##### Extracted records

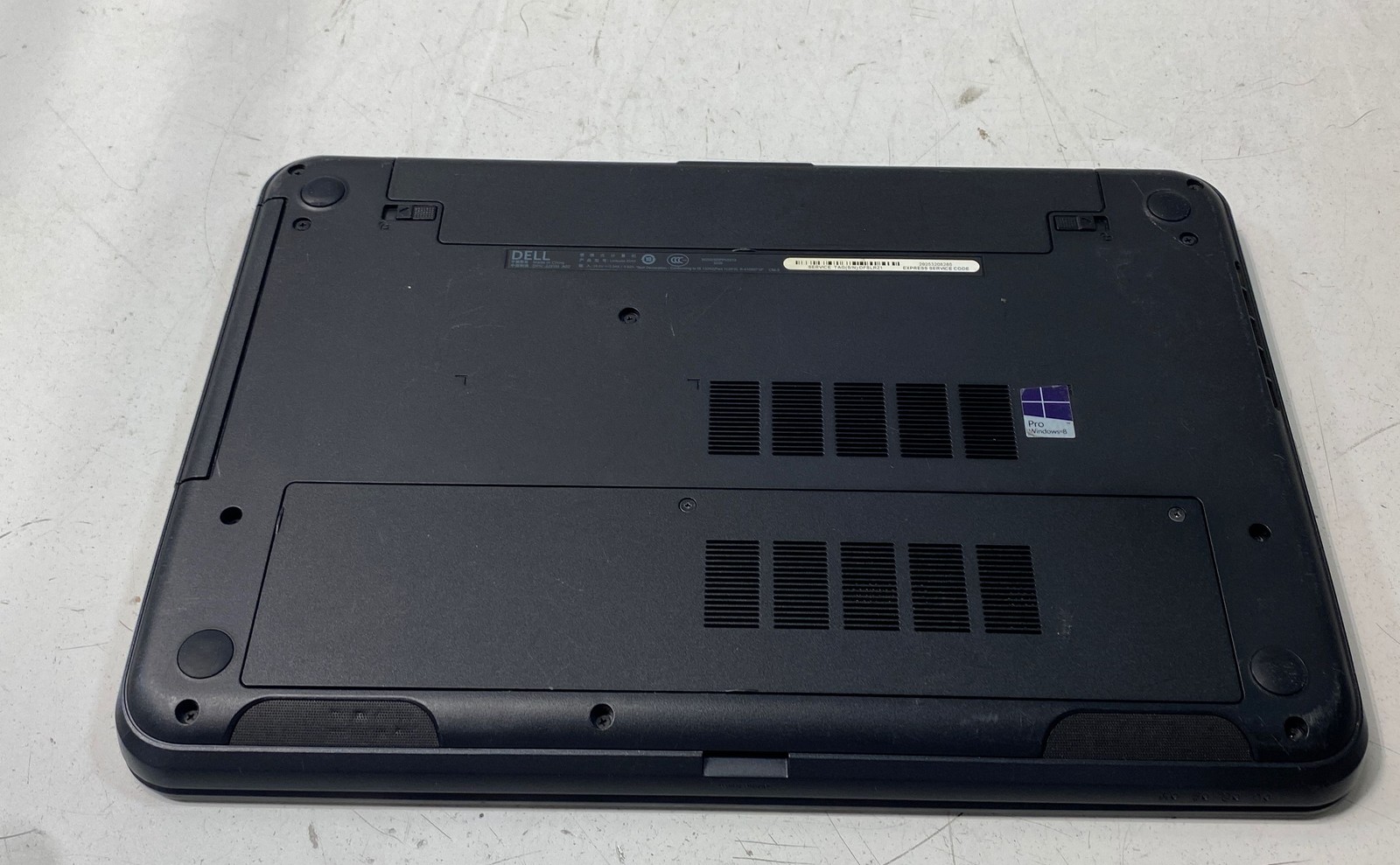 Dell Latitude 3540 Laptop 15.6″ Intel Core i3 Black No Storage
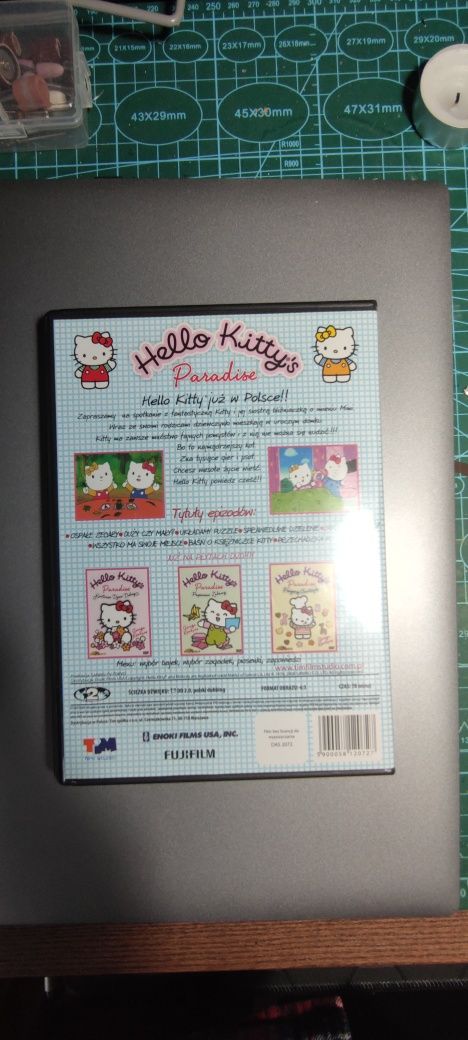 Hello Kitty 4: Układamy Puzzle [DVD]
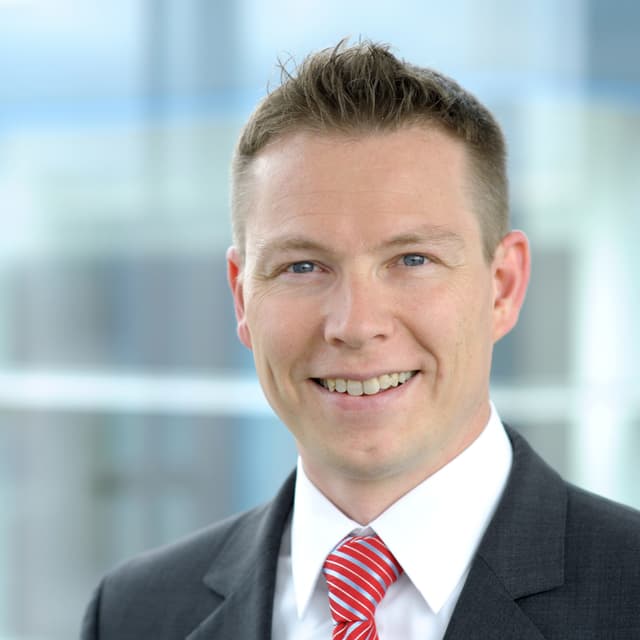 Dr. Roland Fischer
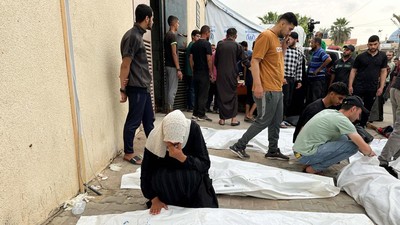 Isak Tangis Warga Gaza di Deir Al-Balah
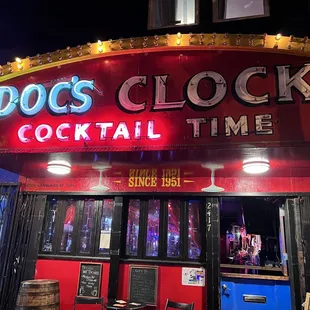 Classic Sign! Half the neon is still working in front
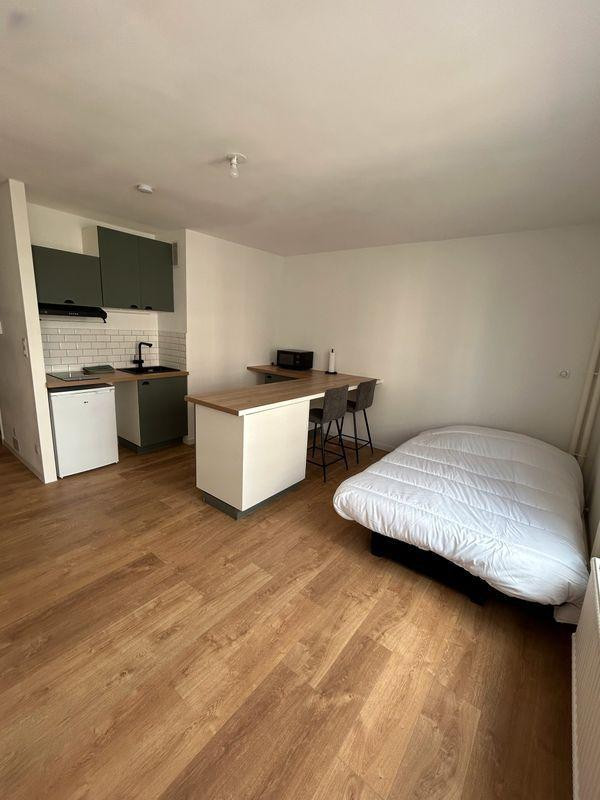 
                                                Location
                                                 Charmant studio meublé 27m²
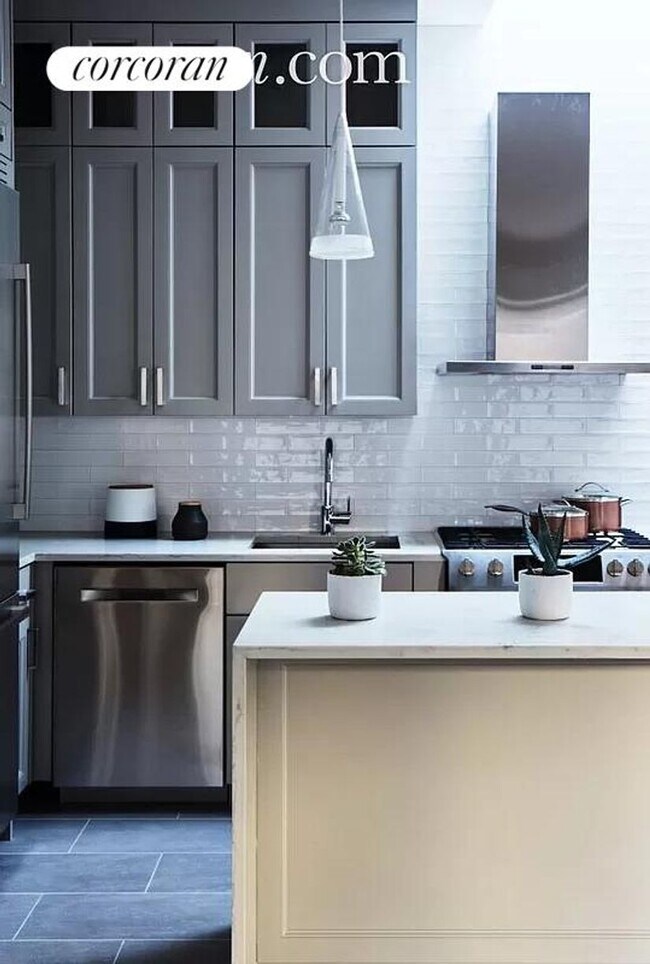 Foto del edificio - 44 Monroe Pl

##########

### Your task
Here the lines from the one with "Hello Kitty 4: Układamy Puzzle [DVD]" through the last line of the data above need to be repeated exactly, both included, and any picture omitted.

### The answer
 Hello Kitty 4: Układamy Puzzle [DVD]
 Dr. Roland Fischer
 Isak Tangis Warga Gaza di Deir Al-Balah
 Classic Sign! Half the neon is still working in front
                                                Location
                                                 Charmant studio meublé 27m²
 Foto del edificio - 44 Monroe Pl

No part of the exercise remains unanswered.